Show every line of the data that contains the string "with".

[Data extracted from a collection]
- - - -

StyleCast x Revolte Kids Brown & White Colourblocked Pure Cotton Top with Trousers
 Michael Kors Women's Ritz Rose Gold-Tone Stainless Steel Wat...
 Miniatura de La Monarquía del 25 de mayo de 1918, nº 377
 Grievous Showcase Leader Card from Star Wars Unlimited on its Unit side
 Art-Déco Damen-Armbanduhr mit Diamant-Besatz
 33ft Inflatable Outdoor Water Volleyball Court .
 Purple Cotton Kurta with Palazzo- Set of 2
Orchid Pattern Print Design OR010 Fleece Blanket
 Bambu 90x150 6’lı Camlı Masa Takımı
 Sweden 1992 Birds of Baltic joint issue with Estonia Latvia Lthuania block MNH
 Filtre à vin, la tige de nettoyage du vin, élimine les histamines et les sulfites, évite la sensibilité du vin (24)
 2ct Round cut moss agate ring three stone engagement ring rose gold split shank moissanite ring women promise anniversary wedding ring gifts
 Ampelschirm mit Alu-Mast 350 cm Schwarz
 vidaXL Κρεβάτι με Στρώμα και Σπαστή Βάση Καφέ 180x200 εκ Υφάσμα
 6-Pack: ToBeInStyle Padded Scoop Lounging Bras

- - - -

*Output for this exercise*
StyleCast x Revolte Kids Brown & White Colourblocked Pure Cotton Top with Trousers
 Purple Cotton Kurta with Palazzo- Set of 2
 Sweden 1992 Birds of Baltic joint issue with Estonia Latvia Lthuania block MNH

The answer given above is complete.